Shire plc, sometimes called Shire Pharmaceuticals to distinguish it from other similarly named companies, is a pharmaceutical manufacturer specializing in certain life altering conditions. It is a comparatively young company, originating in 1986 and becoming listed on the London Stock Exchange in 1996. It was started in Basingstoke, Hants., which is still a major operational location, but in 2008 established a holding company in the Channel Islands and a tax base in Dublin, Ireland, for tax avoidance. Because of the nature of the pharmaceutical industry, there is a significant income from royalties on patents, and Ireland has a better tax policy towards these.

In addition to being listed on the London Stock Exchange, it also has a secondary listing on the NASDAQ market. Its market capitalization is around £12 billion, ranking it in the top 40 companies on the FTSE. It has acquired a number of companies, both in England and in other countries, when these companies have aligned with its niche markets.

The major focus of development is drugs for Attention Deficit Hyperactivity Disorder (ADHD), and it also has interests in gastrointestinal treatments and in genetics.

Shire plc Spread Betting

As you can see, the company has been on a reasonable growth path, hesitating only at the global economic crisis. From a spread betting point of view, it can help to think about what matters to the profitability of a pharmaceutical company, and thus will have an effect on the price. The topicality and need for drugs for certain conditions has a direct impact on how the company is perceived, and in this respect Shire seems to have a good position in its chosen niches.

Pharmaceuticals can be volatile. New drugs are developed, then subjected to testing and approval by the relevant authorities. News of their development, likelihood of and subsequent approval or rejection, are all factors that will impact the company’s bottom line. Therefore, depending where the drugs are on the development ladder, the share price can vary. Shire is in a position of having developed successful drugs, and presently enjoys growth from their use.

Shire plc Rolling Daily

Shire is a successful pharmaceutical development company, and its current quotation for a rolling daily spread bet is 1820.2 – 1824.8. If you want to spreadbet on the price going further upwards, you could place a long or buy bet at the price of 1824.8, staking perhaps £4.50 per point.

In this example, assume that you are correct and the price goes up to 2005.2 – 2009.8, at which point you decide to close your spread trade and collect your winnings. Working out how much profit you have made, you note that the bet closed at the selling price of 2005.2, up from the starting price of 1824.8. Taking 1824.8 away from 2005.2, you find you have gained 180.4 points. For your stake of £4.50 per point, that means you have profited by £811.80.

As a further example, you might find that the price went the opposite direction, making this a losing spread spreadbet. Perhaps you closed the spread bet and accepted your losses when the quote was 1693.5 – 1698.1. This time you must work out how much you have lost. The starting price was 1824.8, and the bet closed at 1693.5. That means you lost 131.3 points on this spread trade. For your size of stake, that amounts to a loss of £590.85.

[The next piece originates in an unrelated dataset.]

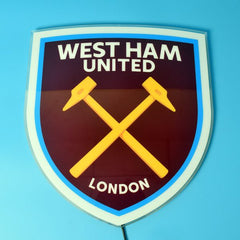 WHU FC Badge LED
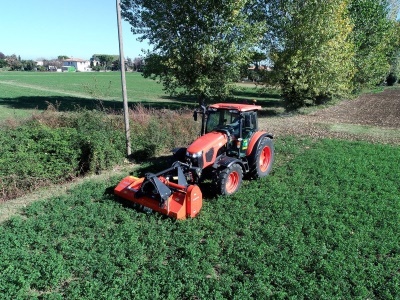 Mulčovač Kubota SE4000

Many spread traders find it difficult to keep an eye on the market all the time, and the stop loss order helps minimize the losses if this is the case. It requires your spread betting provider to close a losing bet, at a level you set, regardless of whether you are watching the market. With a stoploss order, you might find that this trade was closed at a price of 1753.7 – 1758.2. With a starting price of 1824.8, and a closing price of 1753.7, you have lost 71.1 points, which costs you £319.95.

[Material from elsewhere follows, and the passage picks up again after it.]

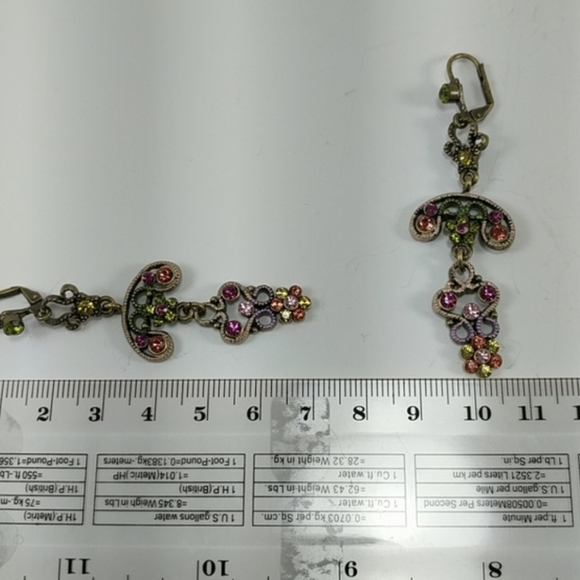 🇨🇦 Lot Of 3 Pairs Of Bold & Dramatic Earrings. - Picture 9 of 12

Shire plc Futures Style Spread Bet

Shire plc is a pharmaceutical company, and has specialized in certain niche health products, such as ADHD. The current price for a mid-quarter futures based spreadbet is 1828.4 – 1840.4. If you think that the share price is going down in the next few weeks, then you might want to place a sell or short bet, staking perhaps £2.50 per point.

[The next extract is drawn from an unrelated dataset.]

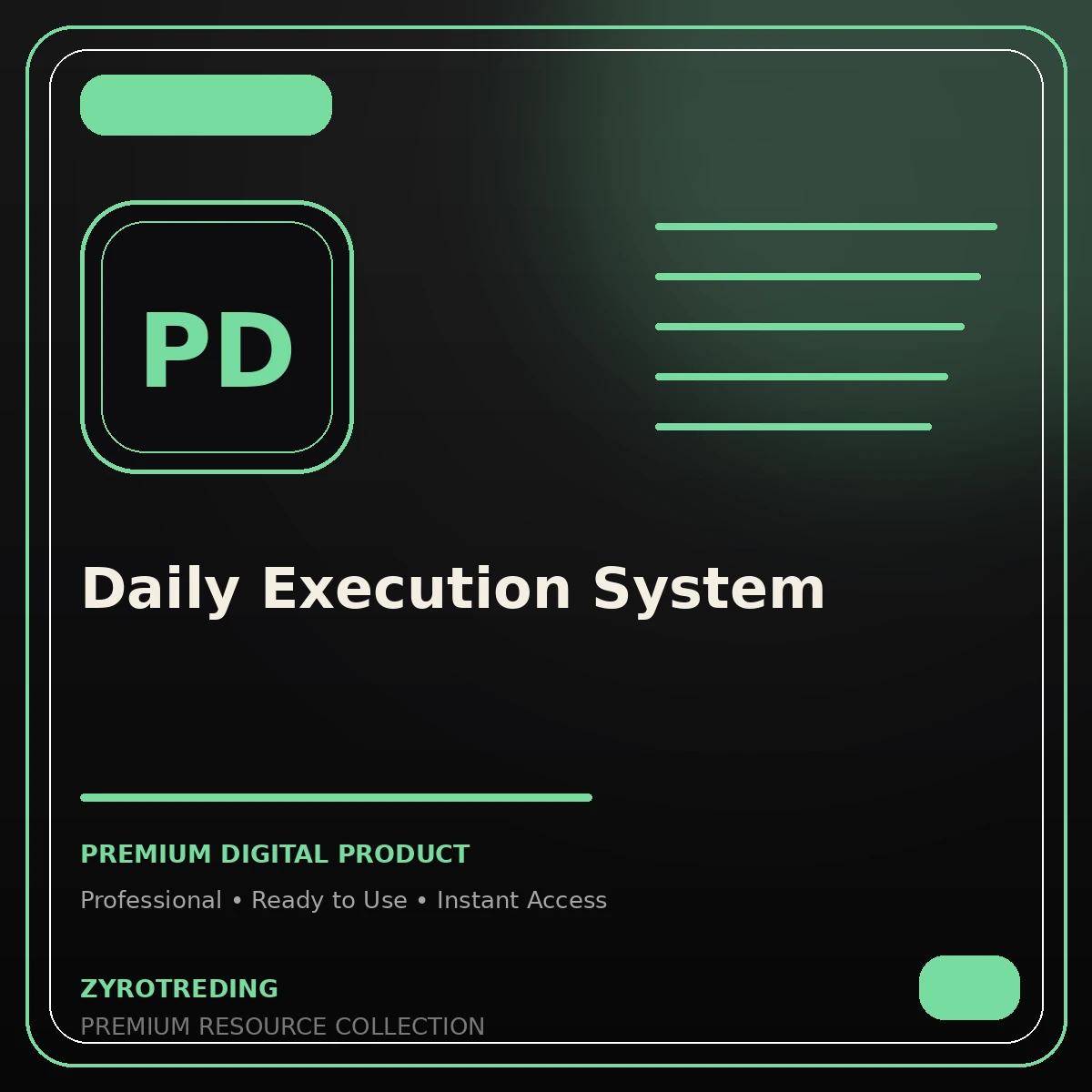 Daily Execution System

If you are correct, and the price goes down, you might find that you are closing the bet and collecting your winnings when the quote is 1692.3 – 1704.0. To see how much you have won, first work out the number of points you gained. Your bet opened at the selling price of 1828.4, and it closed at 1704.0 (Short spreadbets always close at the higher, buying price). That means you have gained 1828.4 minus 1704.0 points, which is 124.4 points. You staked £2.50 per point, which means that your winnings are £311.

Often your spread bet will not be a winner, so you must also be able to figure out how much you have lost. Say the price went up after you placed the bet, and you finally closed it and accepted the loss when it reached 1905.2 – 1916.8. The bet was originally placed at 1828.4, and this time it closed at 1916.8. As it was a short bet, and it closed higher, the difference of 88.4 in points is a loss to you. 88.4 times £2.50 is a loss of £221.

Many traders use the stoploss order to rescue their losing bets. With it, they know that the bet will be closed whether or not they’re watching the market. Perhaps in this case with a stoploss order your bet would be exited at 1870.0 – 1881.4. As before, your bet started at 1828.4, and this time it closed at 1881.4. 1881.4 less 1828.4 is 53.0 points, so at your chosen wager size this would have cost you £132.50.